Advanced technology now allows the surgeon to remove the damaged or degenerated nucleus pulposus and insert an implant in its place. Usually the entire disc is removed and replaced. But efforts to replace just the central nucleus of the disc are being investigated.
They are having some success but there are two commonly encountered complications: extrusion and subsidence. Extrusion can occur when a liquid gel is used to create the new nucleus. Once injected, the materials can shoot past or ooze out of the inner space for the nucleus.
The tiny hole made in order to inject the material into the disc center leaves an opening for a quick exit of the same material. The hole must be closed to keep extrusion from happening. Finding the right material to make the patch, seal the hole, or develop an effective suture to close the open edges is part of today’s research efforts.
The second potential problem mentioned (subsidence) refers to the fact that the new nucleus sinks down into the annulus (outer fibrous covering around the nucleus). Then the whole disc can sink into the endplates. Endplates are fibrous cartilage located between the disc and the vertebral bones. Researchers are tinkering with the shape and size of the implant to help stop this problem. By measuring the stress or load placed on the endplates, they have been able to see higher stress at the center of the endplate. This information has guided them in reshaping the implant.
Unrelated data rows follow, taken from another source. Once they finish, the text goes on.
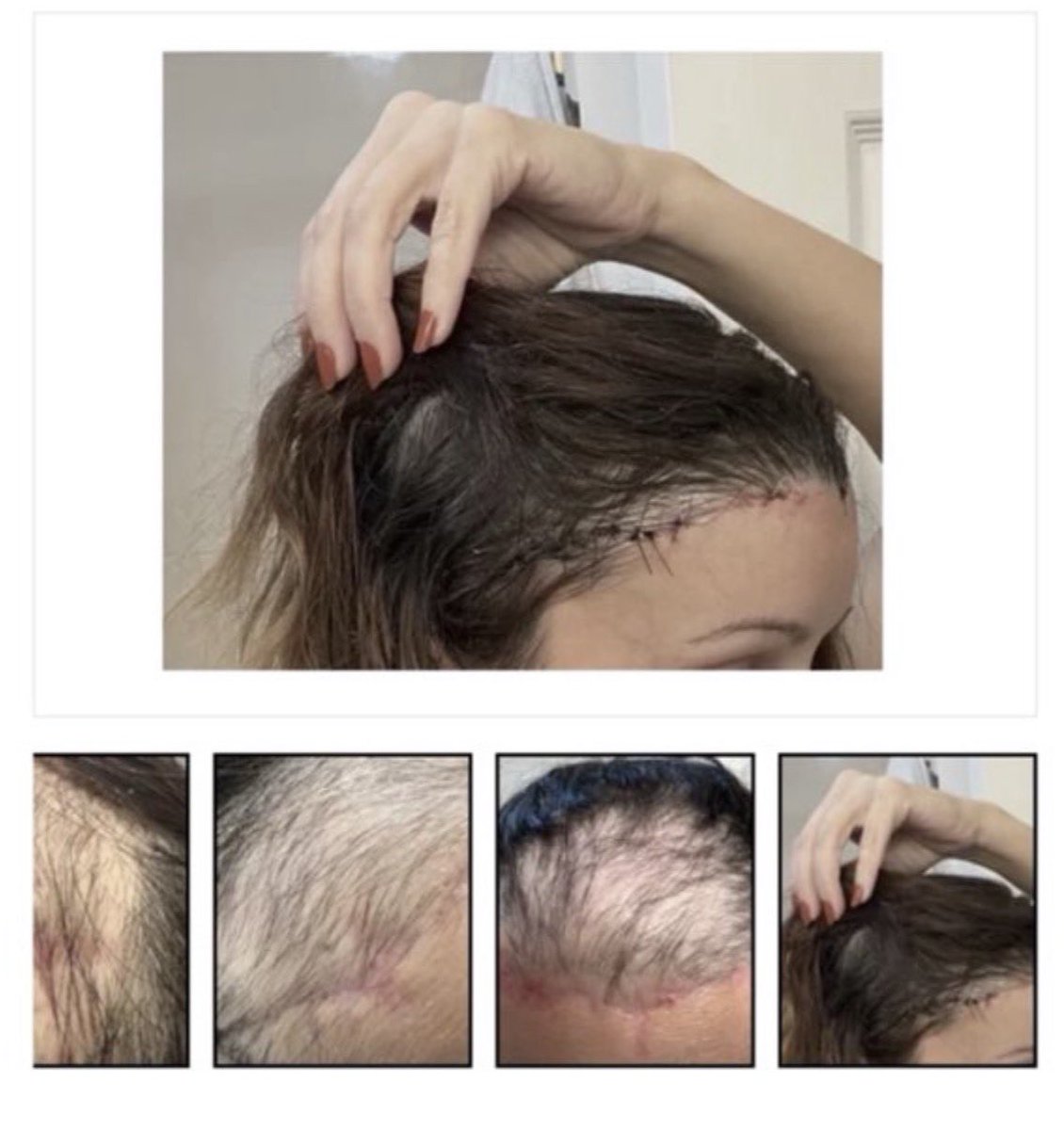 wan_hello_'s tweet photo. 額縮小の薄毛・脱毛リスクは男性だけの問題じゃなく、女性も全く同じ。過剰に皮膚を引き伸ばすと血流が途絶えて毛根が死にます。

「血流を守る安全圏の中で、適量を見極められるドクターかどうか」これが手術の成否を分ける境界線です。 https://t.co/nqf23lbHyT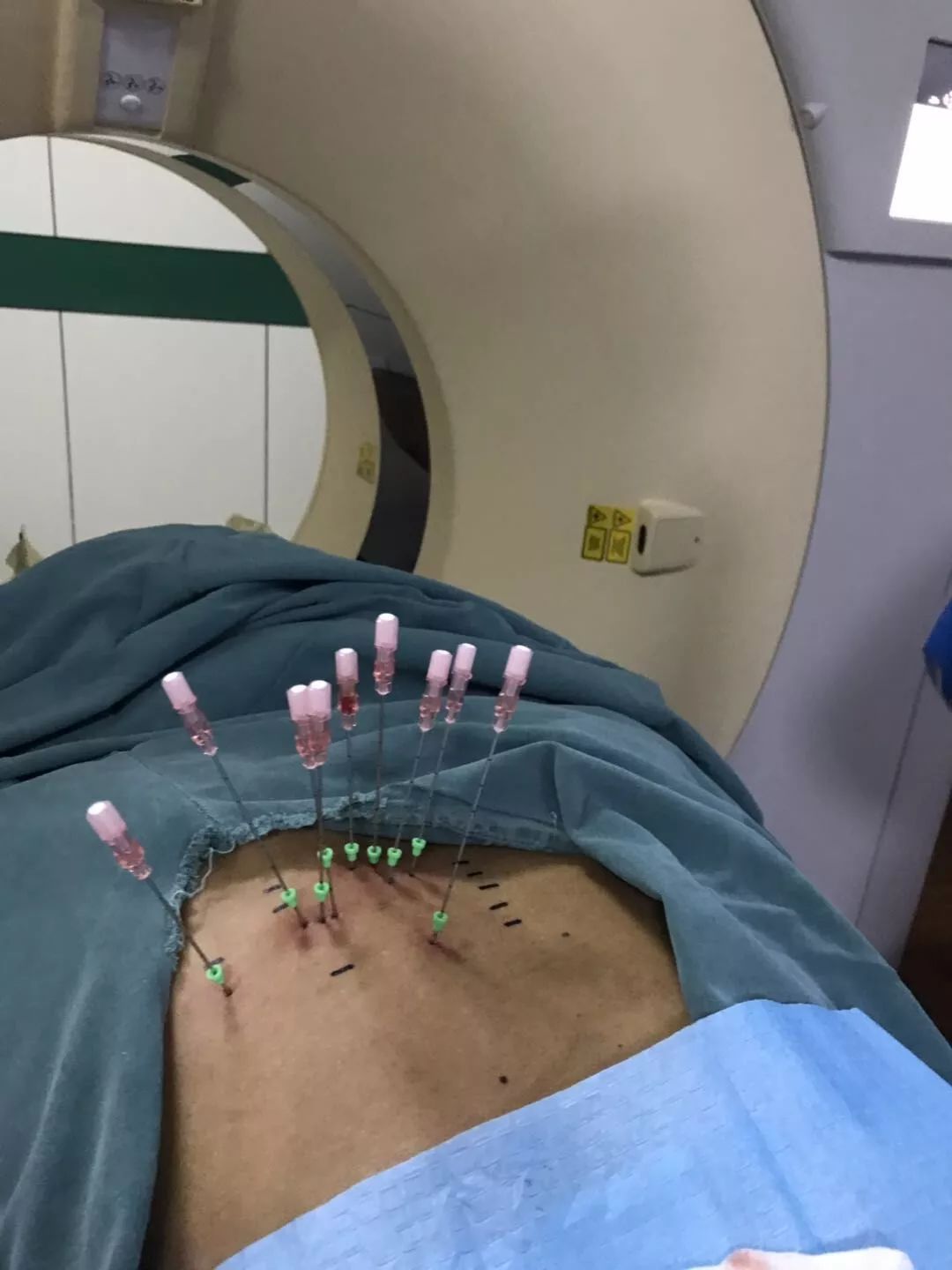 晚期肺癌患者，应用粒子植入术，抗癌案例分享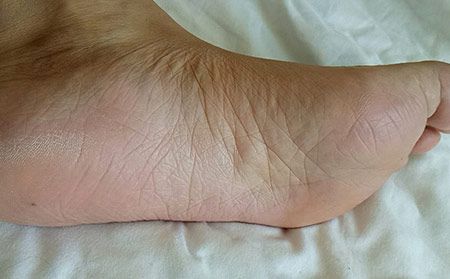 常州牛皮癬哪家醫院治療的效果好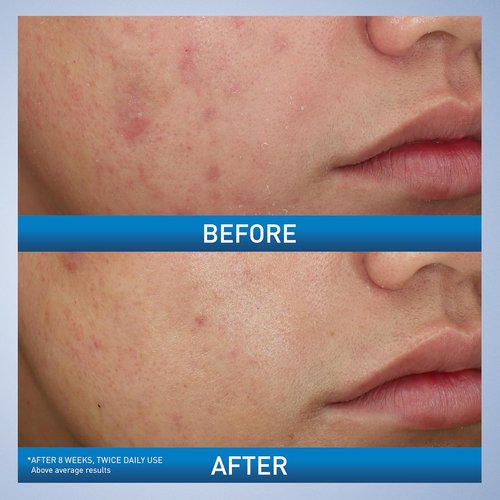 CeraVe Acne Foaming Cream Wash - Gentle Face & Body Cleanser with 10% Benzoyl Peroxide | 5 Oz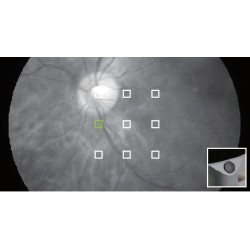 9 cibles de fixation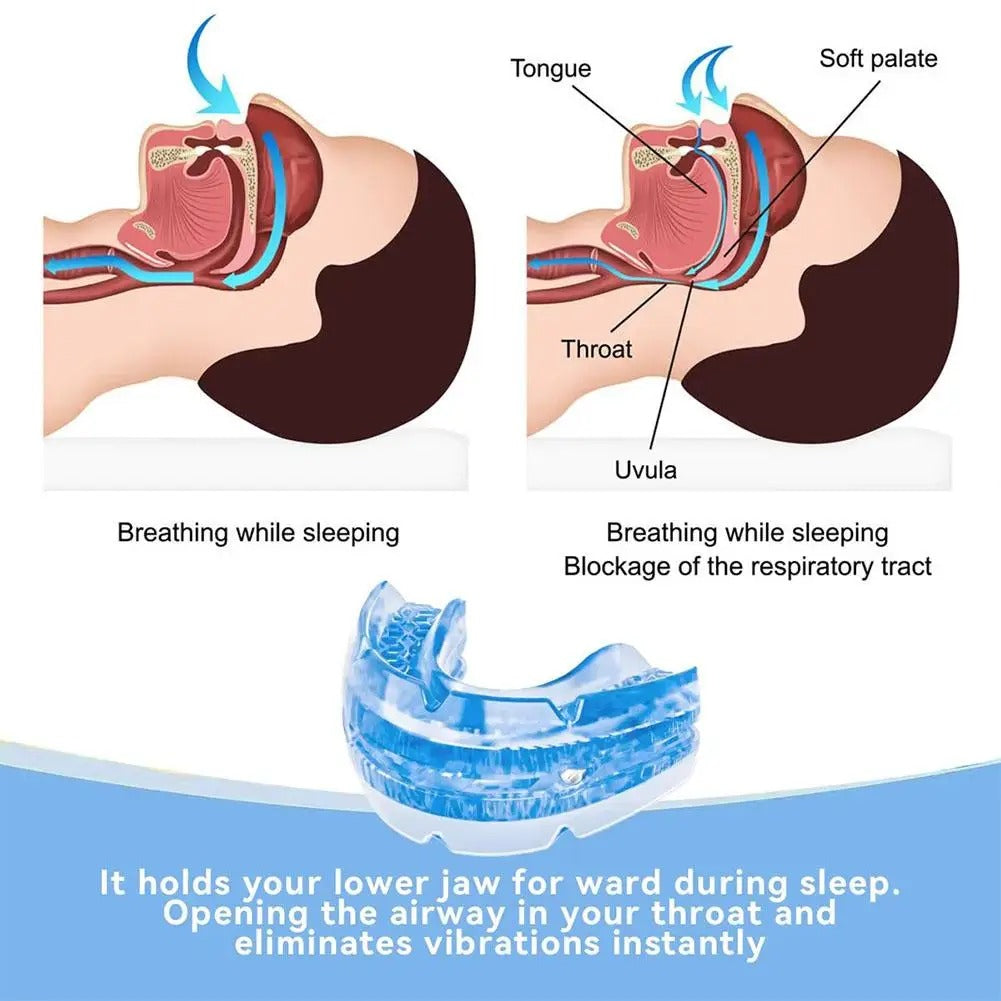 Anti Snoring Mouthpiece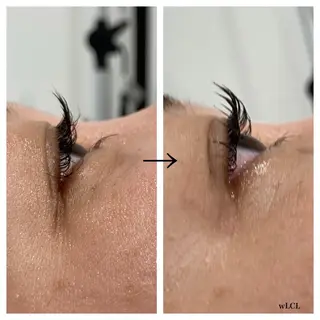 マツエク・マツパ ビューティー ミロワールのエステ・リラクイメージ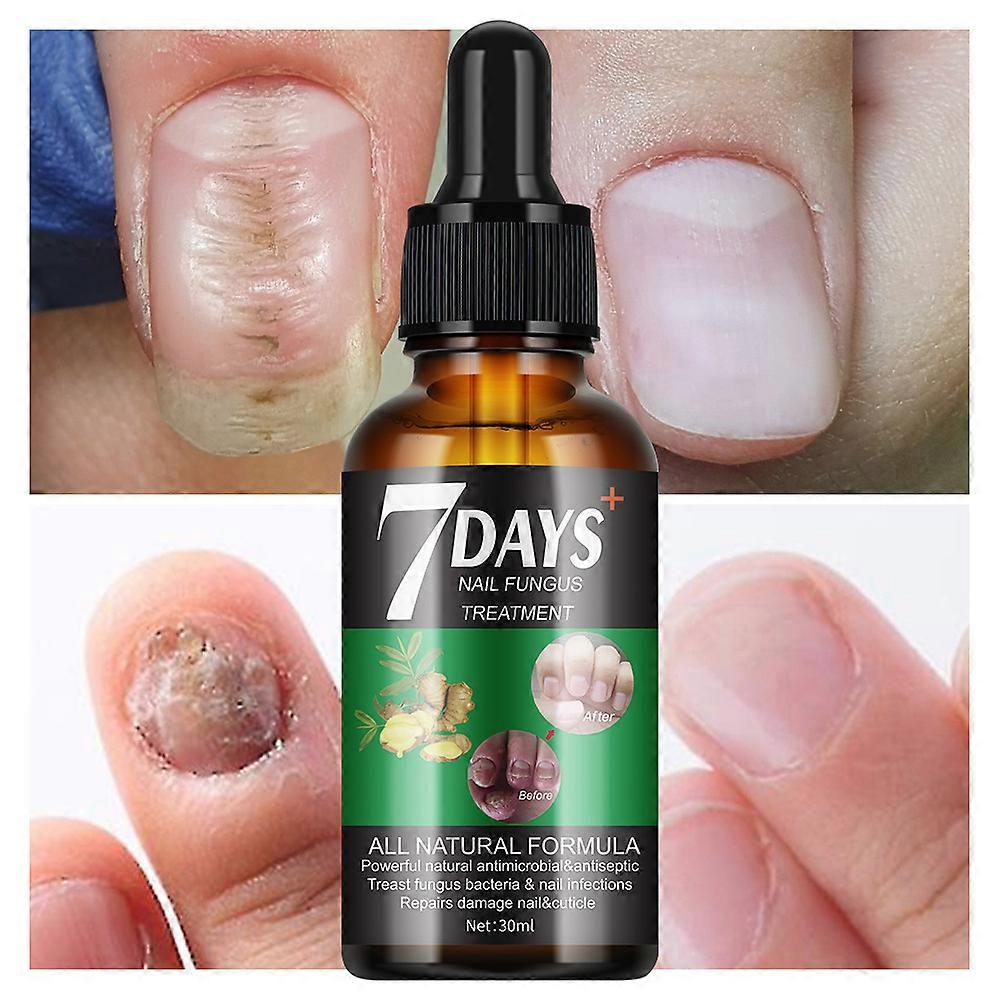 Serum 7 Días - Uñas más saludables y visiblemente renovadas en 7 días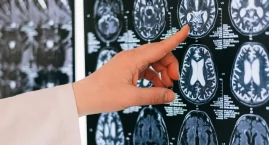 Światowy Dzień Mózgu. „Choroby neurologiczne dotyczą&hellip;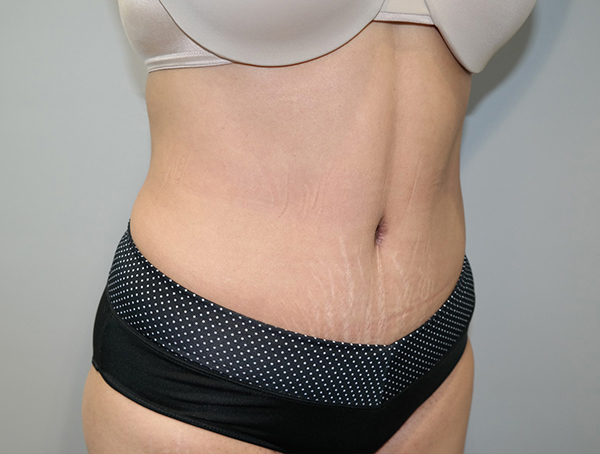 Tummy Tuck Before and After 109 | Sanjay Grover MD FACS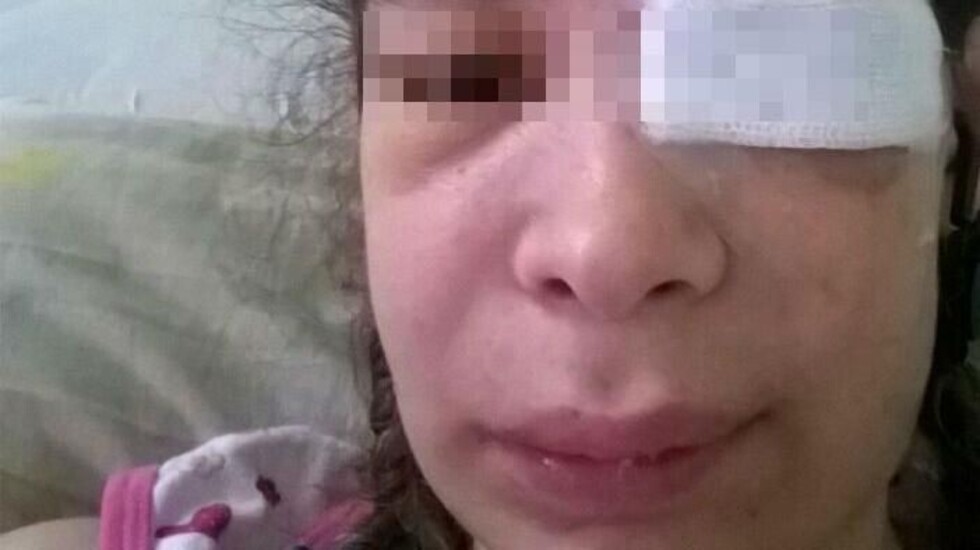 Amamantaba a su bebé y su novio le disparó en el ojo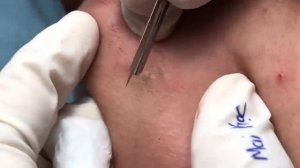 Подкожные акне и комедоны. Чистка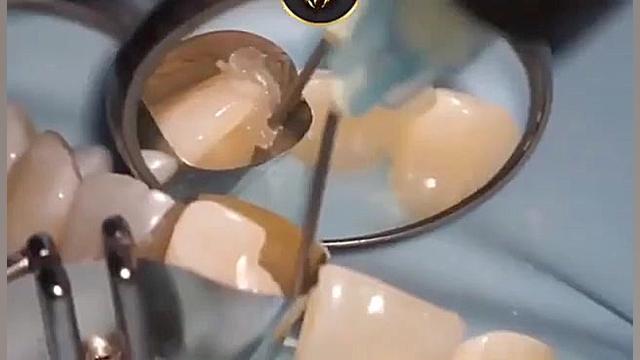 پر کردن دندان جلو اینجوری بلیچینگ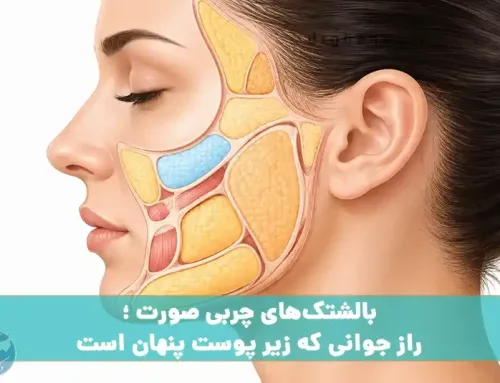 بالشتک‌های چربی صورت ؛ راز جوانی که زیر پوست پنهان است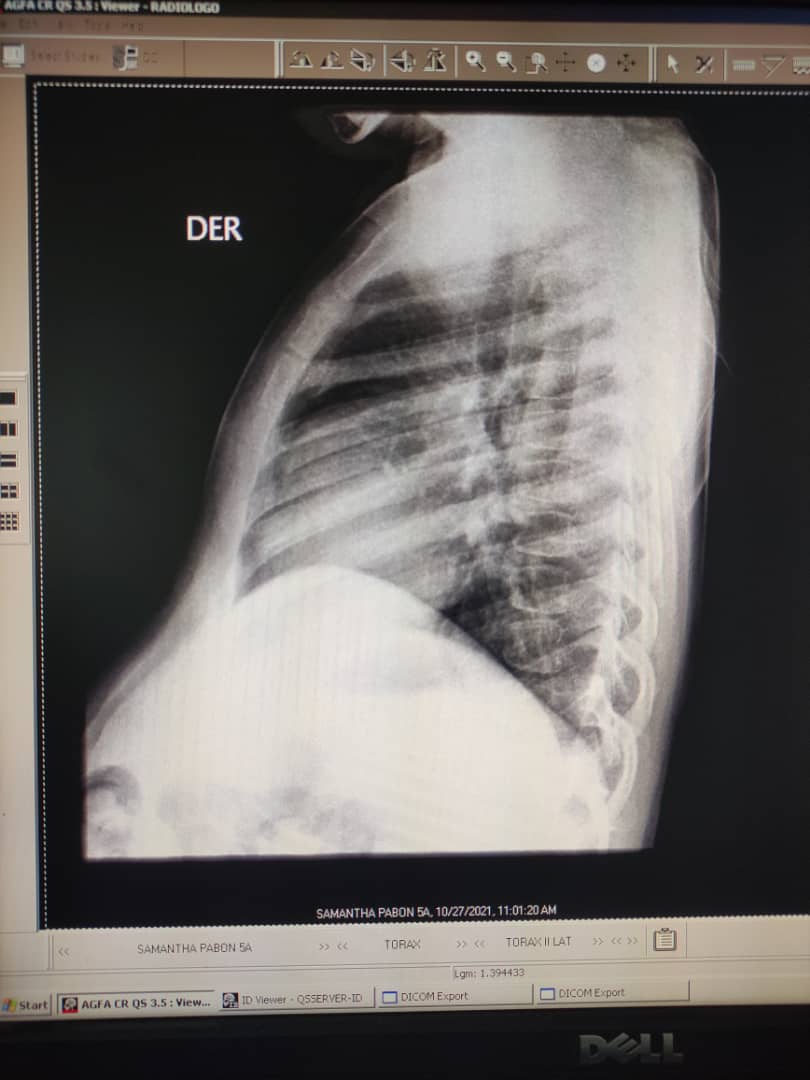 _ChavistaSoy's tweet photo. En medio de la impotencia por no saber qué hacer ahora que todos mostramos evidencias de COVID-19 solicito de la AYUDA del Estado @NicolasMaduro @AlvaradoC_Salud ¡No dejen morir a mi familia por favor! 

RX @YannirFreites y @SamanthaPabon3 
#VenezuelaSeVacuna #27Oct https://t.co/GevpytN93E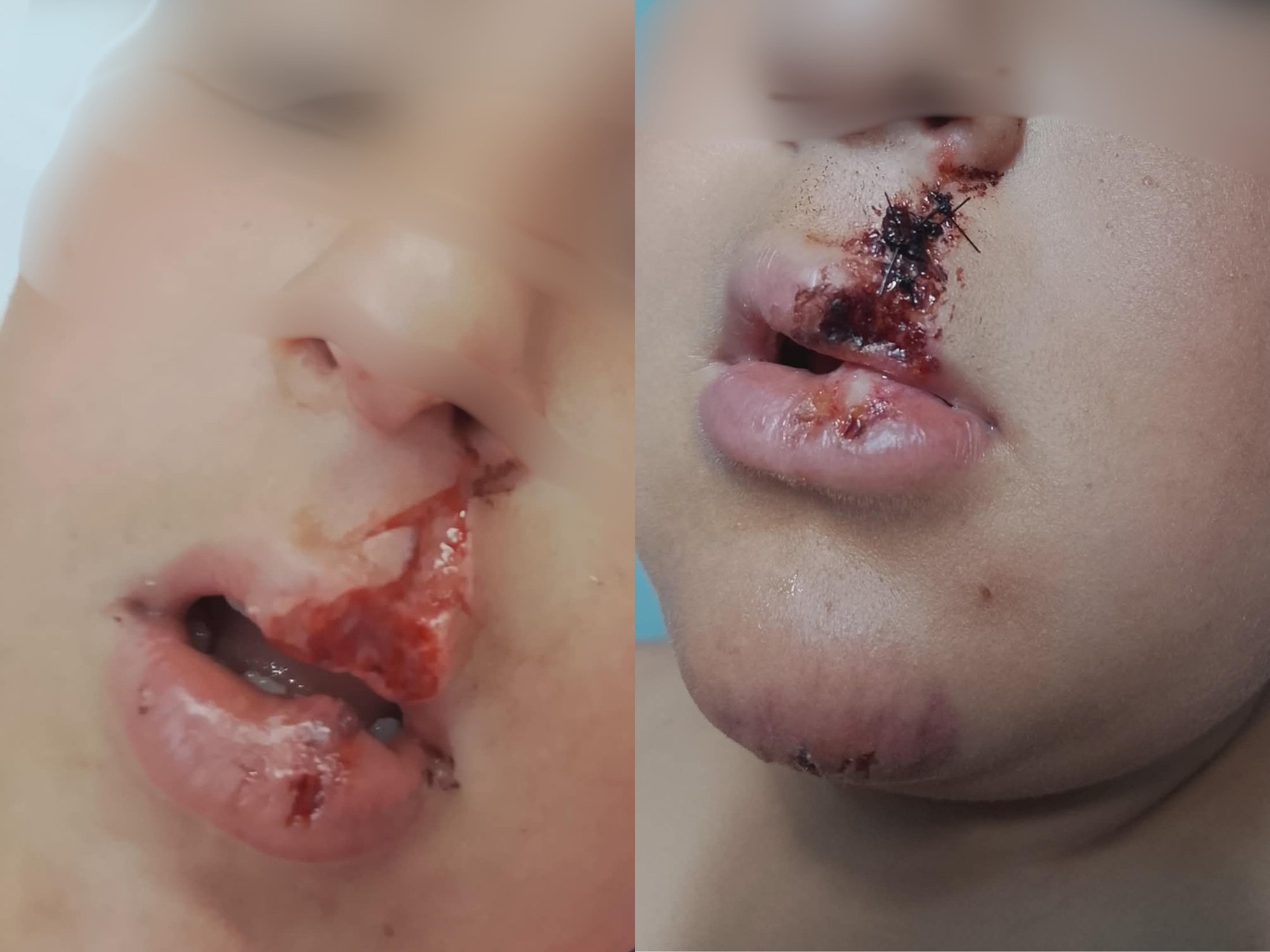 Heridas que sufrió el niño por el ataque del perro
Right now scientists are still working with various liquids that flow smoothly and then self-cure (harden after injection) into one piece. This process is called polymerization. The process requires careful temperature control to move the liquid at body temperature and shift from a liquid to a gel without clumping or swelling while still conforming to the shape and size of each patient’s disc space.
Different materials are being tested. For example, silk and elastin proteins are being tested as an implantable liquid that cross-links with collagen within 90 seconds of injection. The advantage of that feature is that it restores the disc strength and biomechanics right away. The next test will be to see if it can hold up under the many, many fatigue cycles placed on it by the average adult.
In other laboratories, a different approach is being investigated. Preshrunk forms are inserted into the disc center and rehydrated as the implant sucks up nearby fluid, swelling to fill the cavity. The fully hydrated implant transfers load from the disc to the vertebral endplates.
With each new type of material developed, there are individual problems that crop up. It’s possible that by the time a material is ready for market, stem cell research or gene therapy will have advanced enough to prevent disc problems from happening in the first place. Tissue reengineering may ultimately replace disc replacement technology.